Recorded data.
####################
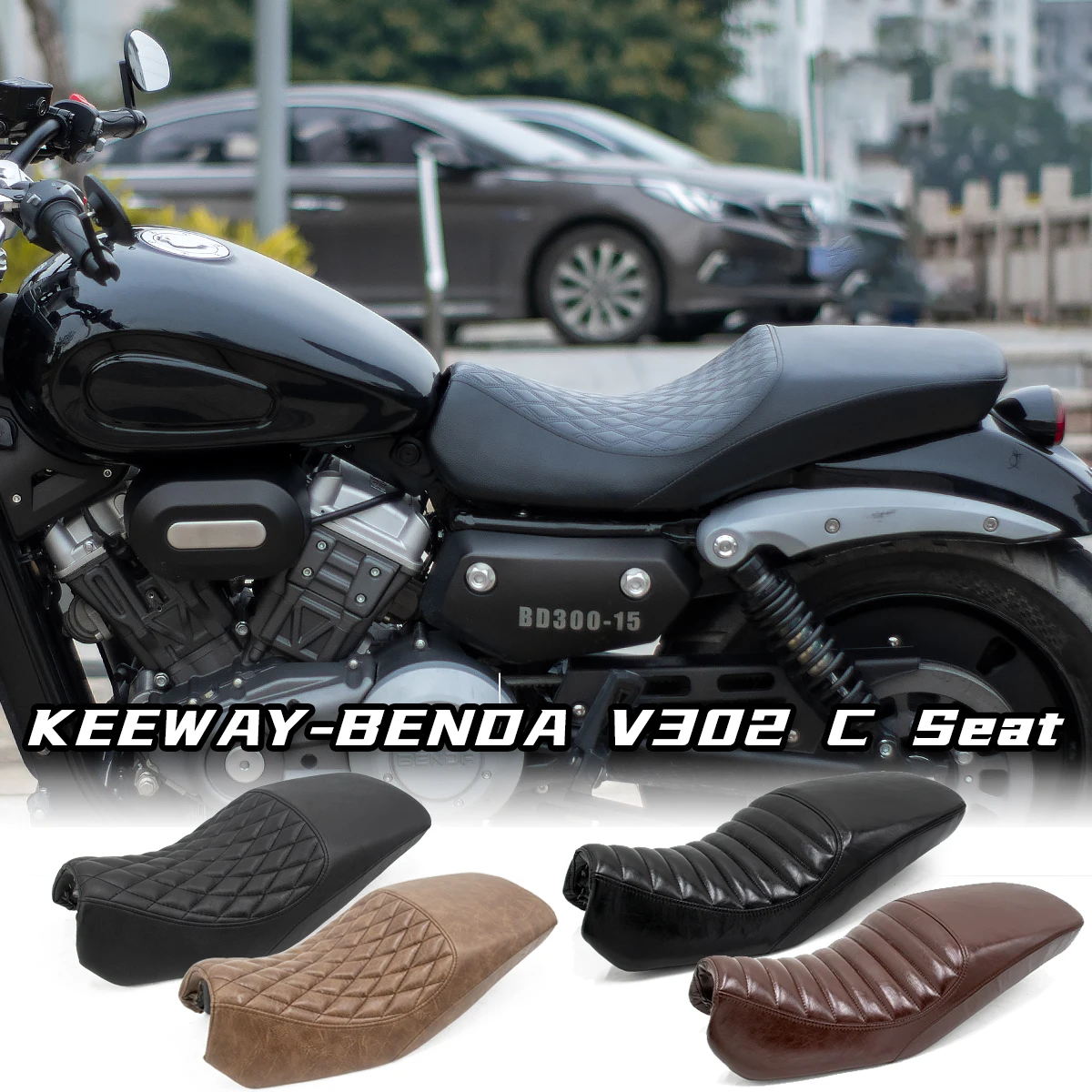 Customized Special Keeway Benda V302 C Motorcycle Seat Cushion Waterproof Seat Cushion for Keeway Benda V302 C Motorcycle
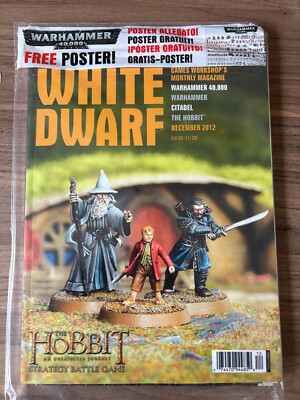 White Dwarf December 2012 -The Hobbit (Not opened Poster Included)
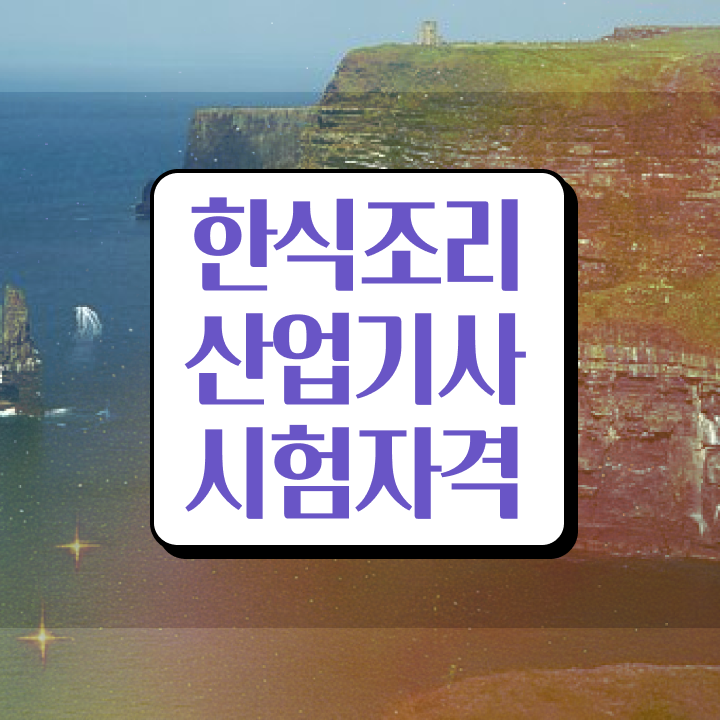  한식조리산업기사 응시자격 서류제출 한식조리산업기사 응시자격 독학으로 빠르게 준비한 비법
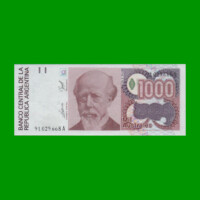 BILLETE DE AUSTRALES, 1.000 AUSTRALES,  BOT 2855, AÑO 1989, ESTADO SIN CIRCULAR.-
####################
Output the material above exactly, without pictures.

The answer.
 Customized Special Keeway Benda V302 C Motorcycle Seat Cushion Waterproof Seat Cushion for Keeway Benda V302 C Motorcycle
 White Dwarf December 2012 -The Hobbit (Not opened Poster Included)
  한식조리산업기사 응시자격 서류제출 한식조리산업기사 응시자격 독학으로 빠르게 준비한 비법
 BILLETE DE AUSTRALES, 1.000 AUSTRALES,  BOT 2855, AÑO 1989, ESTADO SIN CIRCULAR.-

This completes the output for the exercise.